In order to understand what is going on with web traffic encryption, you need to know cryptography.

## Basic Terms

Cryptography - The study of encryption and decryption

Cryptanalysis - The process of decrypting codes with limited information

Cipher - An algorithm used to encrypt and decrypt information

Key - Information required to decrypt an encrypted message

Symmetric Encryption - An algorithm which uses the same key to encrypt and decrypt

Asymmetric Encryption - An algorithm which uses different keys to encrypt and decrypt

Public Key - A key in an asymmetric encryption algorithm that is available to everyone

Private Key - A key in an asymmetric encryption algorithm that is available only to one person

Alphanumeric - Relating to letters and numbers; in cryptography, alphanumeric codes are numbers that correspond to letters

Plaintext - Original text in encryption, or decrypted text in decryption

Ciphertext - Encrypted version of the plaintext

Other terms will be explained throughout the post

## Alphanumeric Codes

One of the most well-known ciphers is the A1Z26 cipher where A=1, B=2, C=3, ...

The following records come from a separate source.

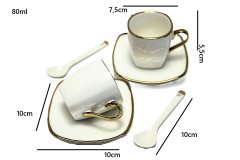 Porcelanaste skodelice za espresso z zlato dekoracijo, za darilo, 80 ml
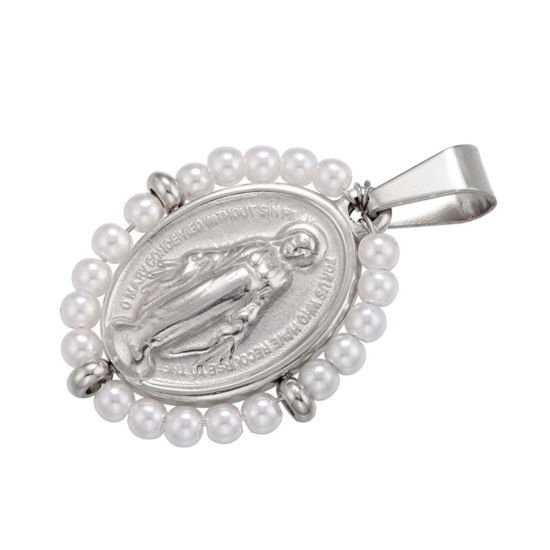 Bild von Edelstahl & Perle Religiös Anhänger Oval Silberfarbe Weiß Heilige Maria Mutter Gottes 38mm x 24mm, 1 Stück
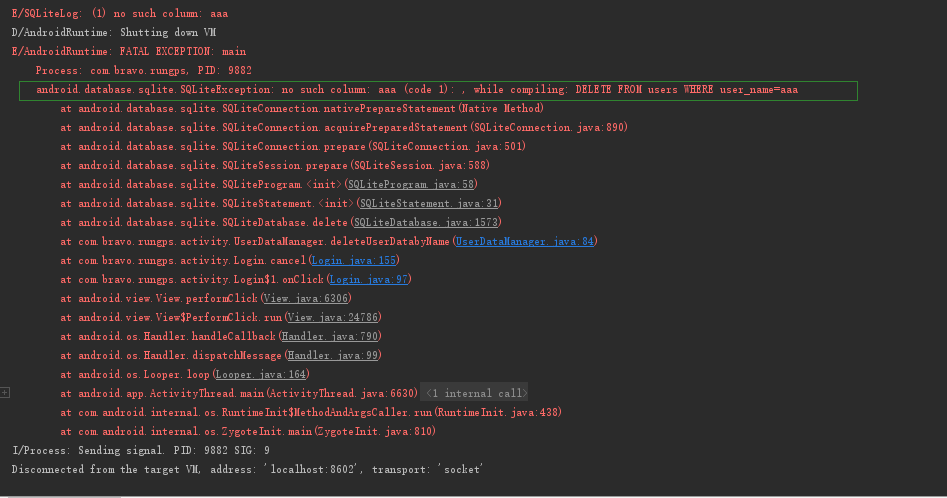 Android Database Sqlite Sqliteexception No Such Column a Code 1 While Compiling Delete From Users Where User Name a解决办法 Rookieboy666 博客园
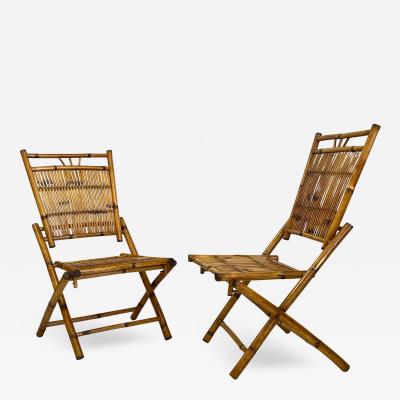Pair French Modern Neoclassical Bamboo Rattan Lounge Side Chairs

However, this is not what is used normally in alphanumeric codes in other ciphers. Other ciphers normally use A0Z25 where A=0, B=1, C=2, ...

Alphanumeric codes can be free-standing ciphers like A1Z26 or can be incorporated into other ciphers like what is commonly done with A0Z25.

## Affine Ciphers

Affine Ciphers are a class of ciphers which follow the expression `a*x + b mod 26`

. In this case, `x`

is the alphanumeric code for a given letter in the plaintext and `a`

and `b`

are the keys. `mod`

refers to the modulus function which returns the remainder from dividing the number before it by the number after it and is normally referred to in programming as the `%`

operator which is used in many languages, including Python and JavaScript. This expression will return the alphanumeric code for the letter in the ciphertext.

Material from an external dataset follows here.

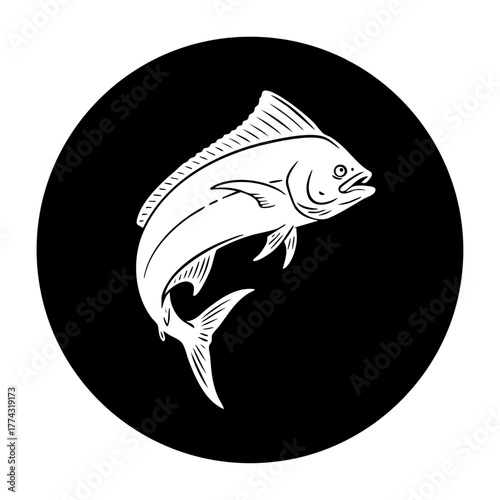 Mahi Mahi Fish Silhouette in Negative Space Circle Icon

To encrypt an Affine Cipher, follow these steps:

- Find the alphanumeric code for the first letter in the plaintext
- Evaluate
`a*x + b mod 26`

- Find the letter from the result of step 2 and place in ciphertext
- Repeat with the next letter.

Decrypting, however, is a little tricky...

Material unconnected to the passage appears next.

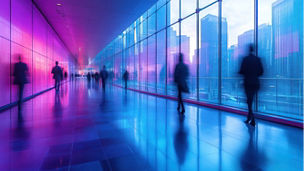Modern interior of an office building, with glass walls in an purple hue, blurred people walking with a motion blur effect, high-resolution photography. --ar 16:9 --stylize 750 --v 6.1 Job ID: b39c4c3f-1951-4f23-8239-1199b4dec95e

- Find the alphanumeric code for the first letter in the ciphertext.
- Define
`n`

where`x + 26*n - b mod a = 0`

, given that`x`

is the result of step 1. - Evaluate
`(x + 26*n - b)/a mod 26`

- Find the letter given the result from step 3 and add to the plaintext.
- Repeat with the next letter.

### Caesar Cipher

The Caesar Cipher is actually an Affine Cipher, just with `a = 1`

. However, encrypting and decrypting the Caesar Cipher is much easier. To encrypt, just use `x + b mod 26`

where `x`

is the alphanumeric code for a given letter and `b`

is the Caesar shift, the key for the Caesar Cipher. To decrypt, given that `x`

is the alphanumeric code of a given letter in the ciphertext, just use `x - b mod 26`

.

#### ROT-13

The ROT-13 Cipher is a Caesar Cipher with `b = 13`

. The interesting thing, however, is that encryption and decryption result in the same values since the range of alphanumeric codes is from 0 to 25 and 13 is right in the middle of that.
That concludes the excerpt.